Spin qubits: Control, calibration and readout in multi-qubit arrays

Encoding quantum information in the spins of electrons or holes confined in semiconductor quantum dots is a promising technology, due to their long coherence times, inherent gate-voltage tunability and compatibility with industrial foundry fabrication. As these quantum systems are scaled up in linear and two-dimensional arrays to form NISQ processors, the density of gate electrodes can lead to more and more operational complexity. In this talk, I will present four directions of active research. First, I will present advances in multi-gate-layer fabrication of qubits implemented in academic facilities, as well as in industrial foundries focusing on spin-based quantum processors.

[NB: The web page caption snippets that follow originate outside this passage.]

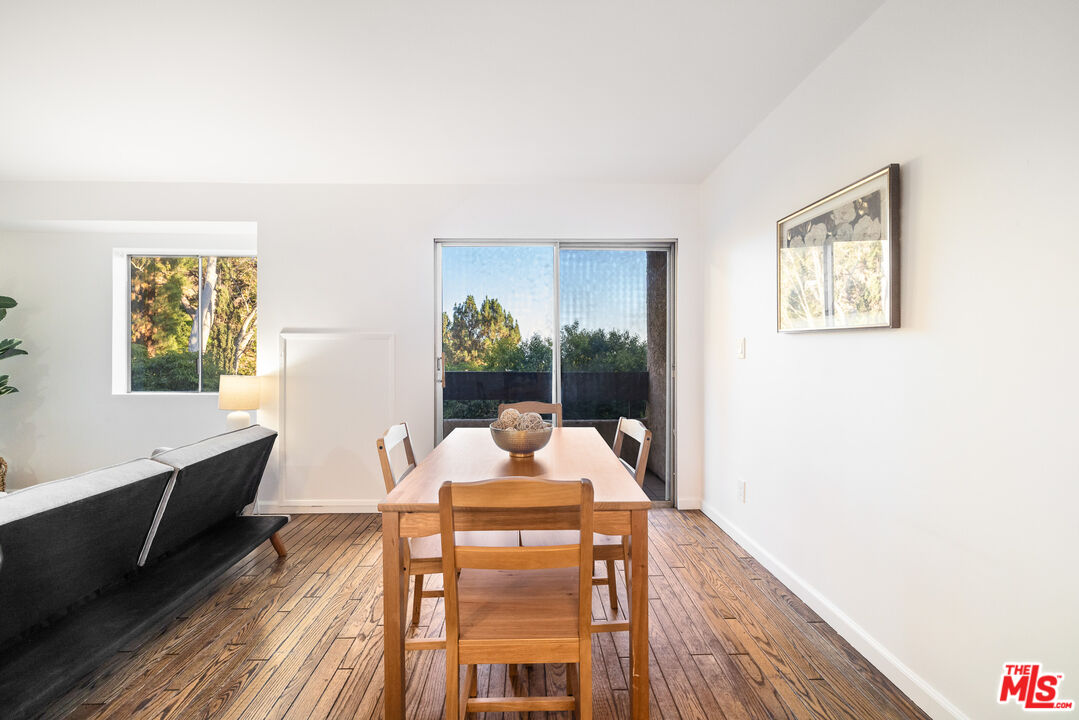 2700 Cahuenga Blvd Unit: 3108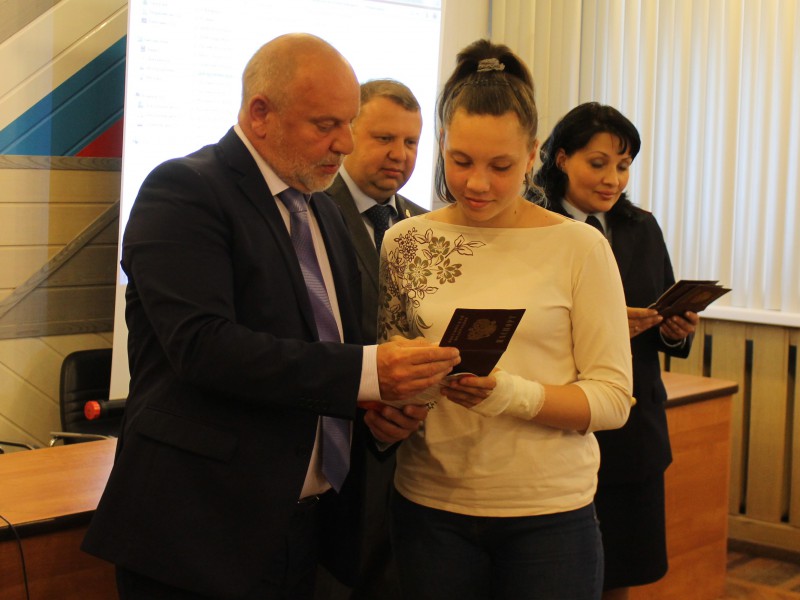 Андрей Дранишников выручил паспорта молодым гражданам России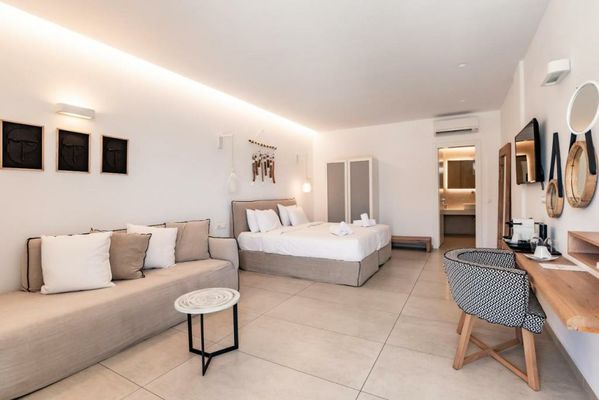 Super Paradise Hotel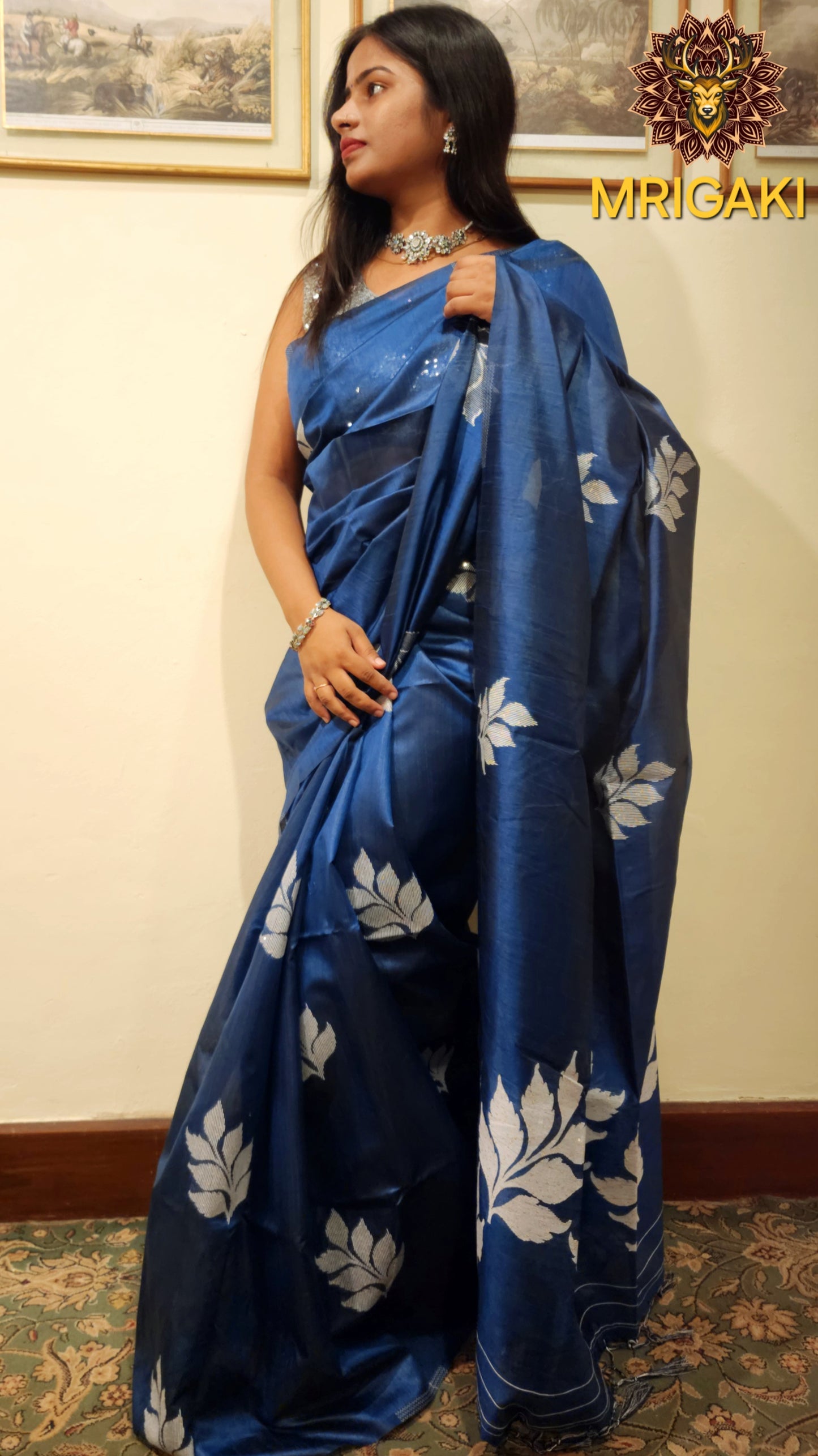 Royal Blue color Elegant & Trendy Coliform Silk Saree with Flower Pattern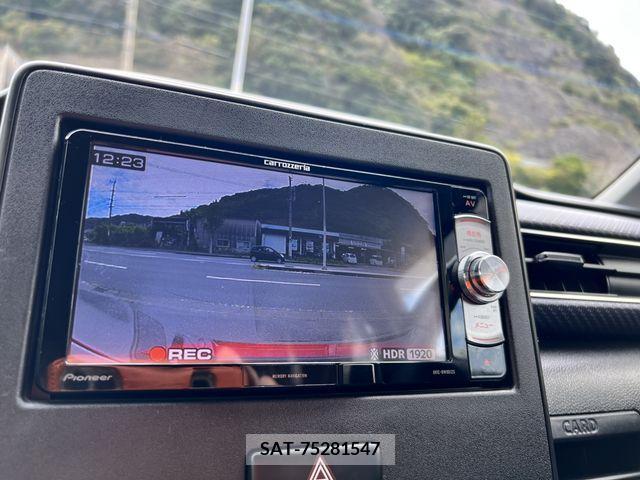 Suzuki WAGON R 2018-03 205235-15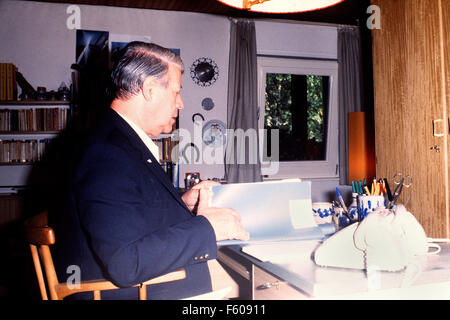 Bundeskanzler Helmut Schmidt sitzt an seinem Schreibtisch in seinem Büro in seinem Ferienhaus am Brahmsee See. Undatiertes Bild von 1982. Stockfoto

Second, I will present our work on implementing fast, high-fidelity and simultaneous qubit readout, in particular involving RF-reflectometry, across small arrays of quantum dots. Third, I will discuss the importance of methods such as the implementation of automated tuning, loading and calibration of gate-voltage controlled arrays of quantum dots. Lastly, I will showcase functionalities enabled by new techniques of quantum control, such as real-time fast feedback using FPGA-based machinery that enables online, closed-loop control and calibration of quantum systems. These efforts utlize high-quality heterostructures in silicon, germanium, and gallium arsenide quantum wells, as well as devices made using industrial CMOS processes on large-scale 300mm wafers. I will also discuss the current need, and future prospects, for techniques such as crosstalk mitigation, multi-qubit pulse calibration, sensor compensation, virtual gating, and adaptive readout. The near-term goal is to engineer scalable spin qubit networks demonstrating stable and coherent qubit arrays for computation, as well as for the simulation of phenomena relevant for fundamental physics and chemistry applications.